-- Prompt --
Among the entries below, the lines from the one with "Пракат стол стул чинни идишлар қозон ўчоқ" up to and including the one with "Special Intensive Revision" are to be restated exactly, without pictures.

-- The data --
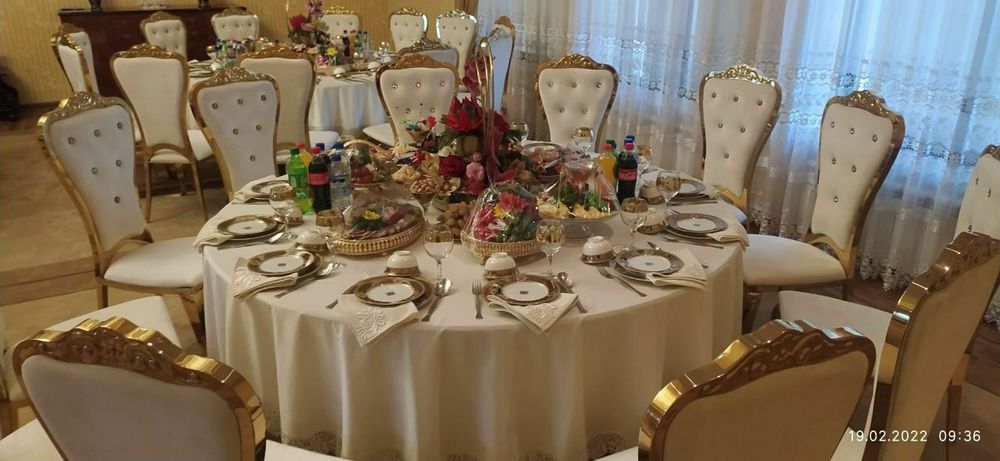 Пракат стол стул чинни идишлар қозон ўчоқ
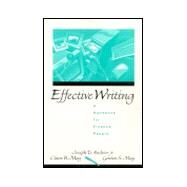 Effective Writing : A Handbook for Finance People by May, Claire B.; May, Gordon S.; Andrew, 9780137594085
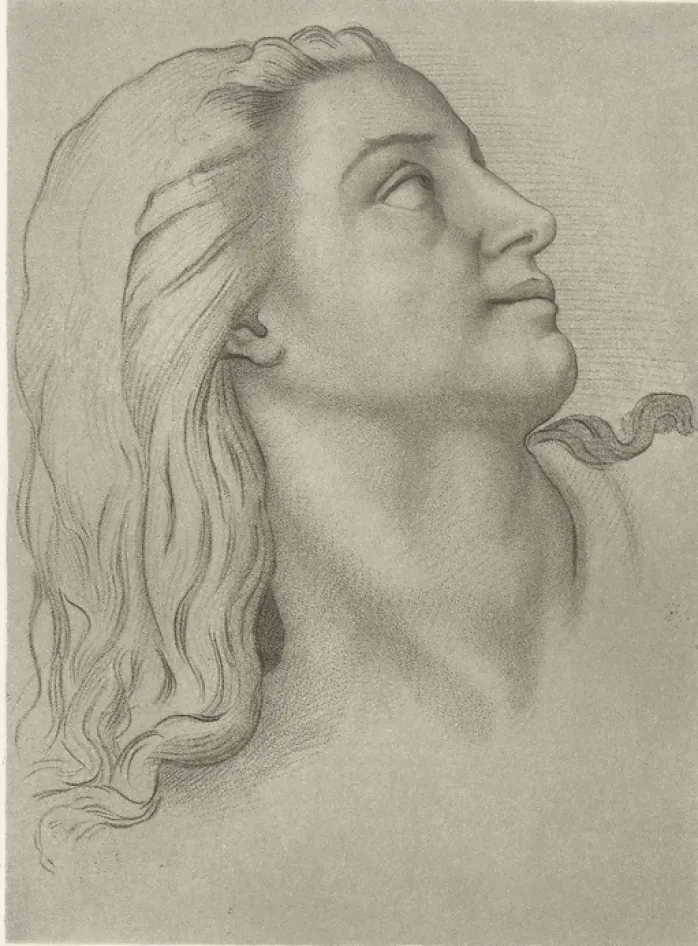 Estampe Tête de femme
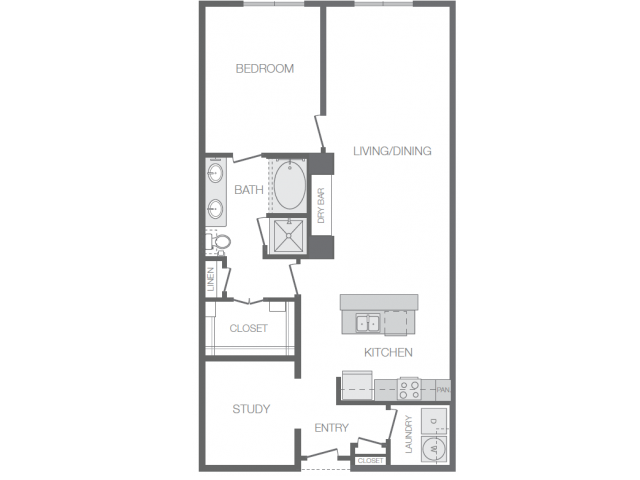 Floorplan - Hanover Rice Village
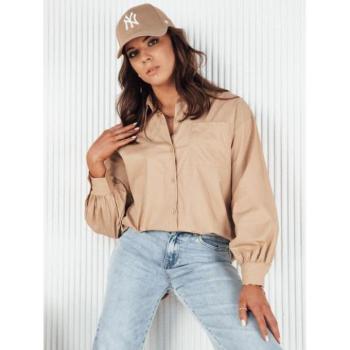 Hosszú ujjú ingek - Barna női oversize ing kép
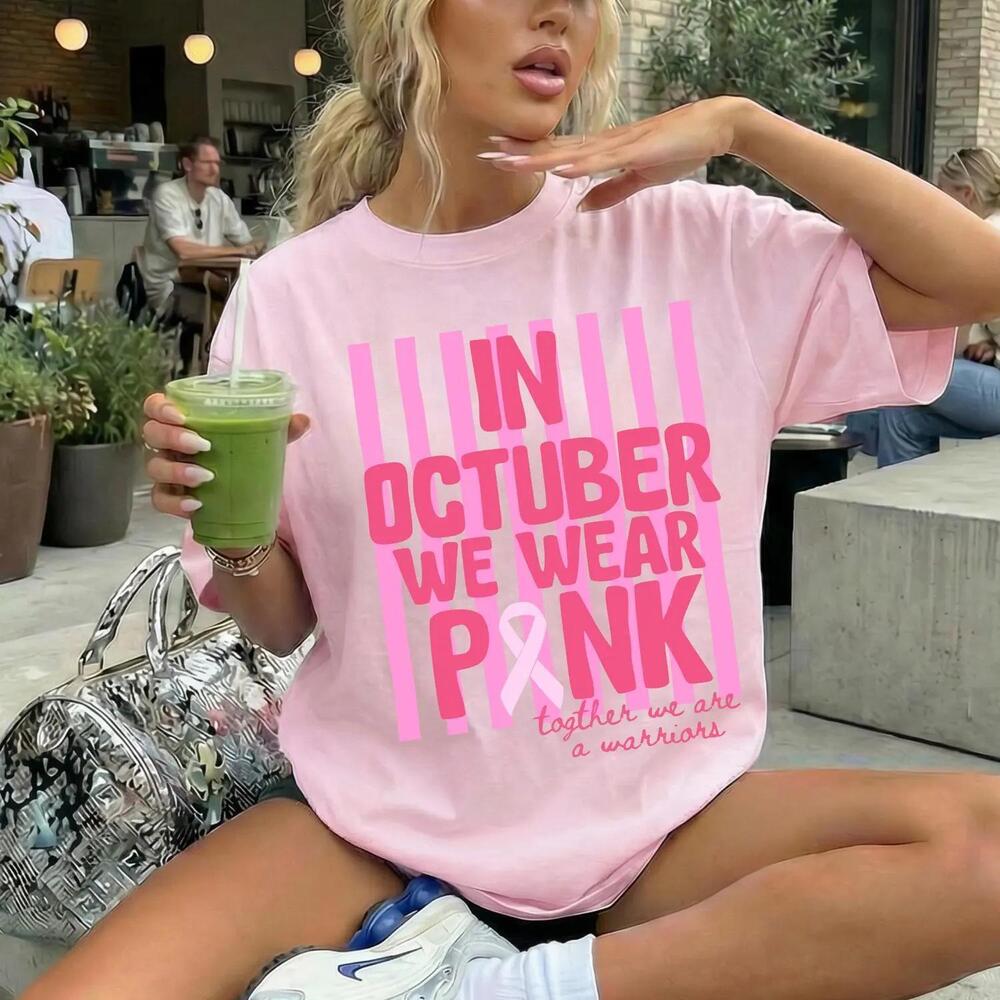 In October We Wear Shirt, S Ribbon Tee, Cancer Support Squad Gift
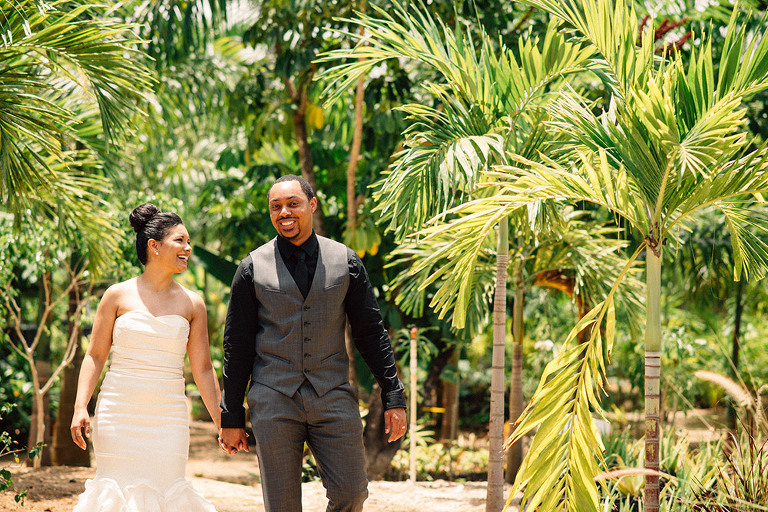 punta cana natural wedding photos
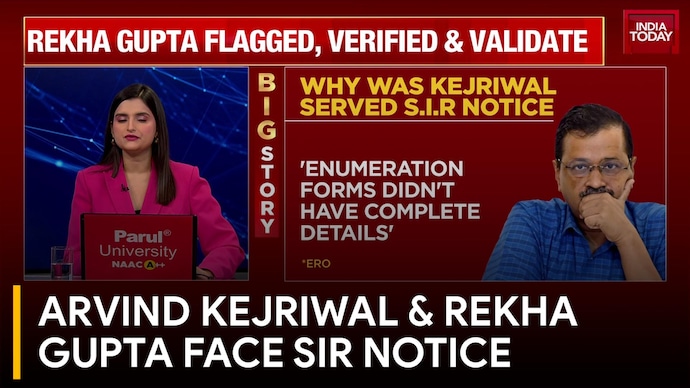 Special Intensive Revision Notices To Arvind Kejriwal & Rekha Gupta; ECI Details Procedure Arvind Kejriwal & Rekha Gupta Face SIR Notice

...

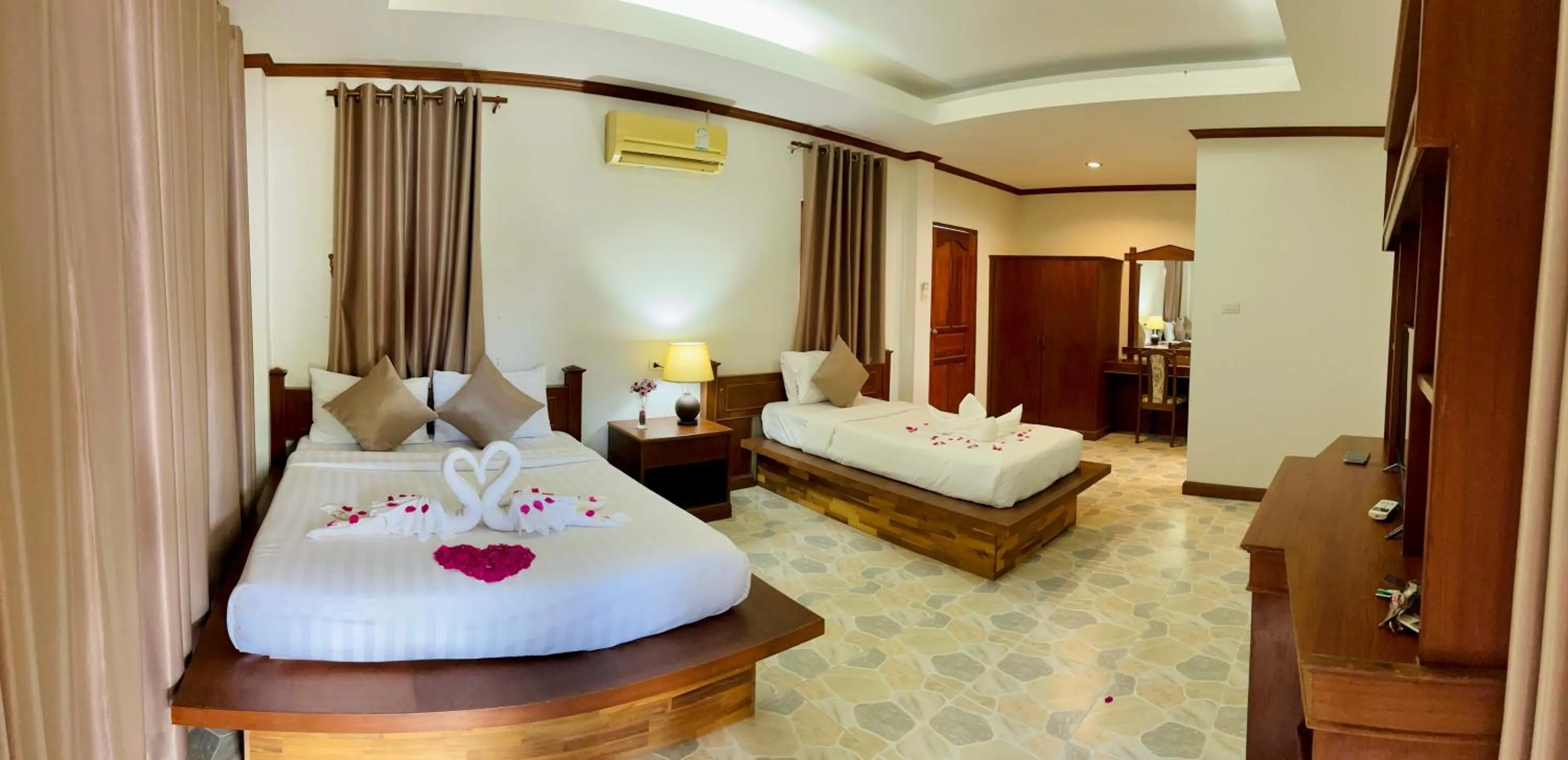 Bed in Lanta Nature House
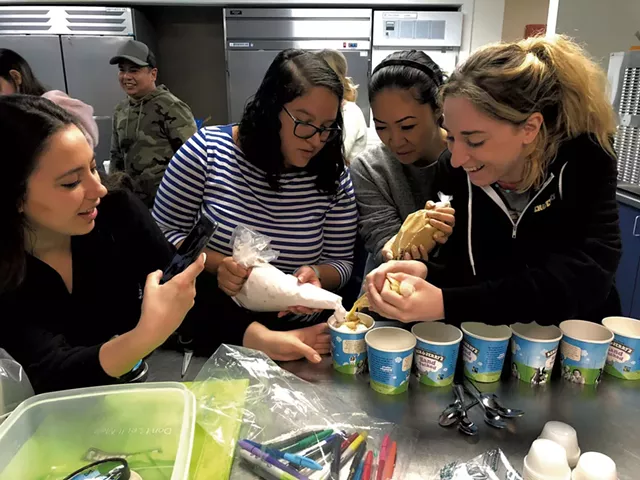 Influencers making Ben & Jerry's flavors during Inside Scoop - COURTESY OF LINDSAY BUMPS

* * *

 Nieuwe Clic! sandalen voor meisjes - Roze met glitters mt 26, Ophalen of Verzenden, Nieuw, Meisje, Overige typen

-- Exercise solution --
 Пракат стол стул чинни идишлар қозон ўчоқ
 Effective Writing : A Handbook for Finance People by May, Claire B.; May, Gordon S.; Andrew, 9780137594085
 Estampe Tête de femme
 Floorplan - Hanover Rice Village
 Hosszú ujjú ingek - Barna női oversize ing kép
 In October We Wear Shirt, S Ribbon Tee, Cancer Support Squad Gift
 punta cana natural wedding photos
 Special Intensive Revision Notices To Arvind Kejriwal & Rekha Gupta; ECI Details Procedure Arvind Kejriwal & Rekha Gupta Face SIR Notice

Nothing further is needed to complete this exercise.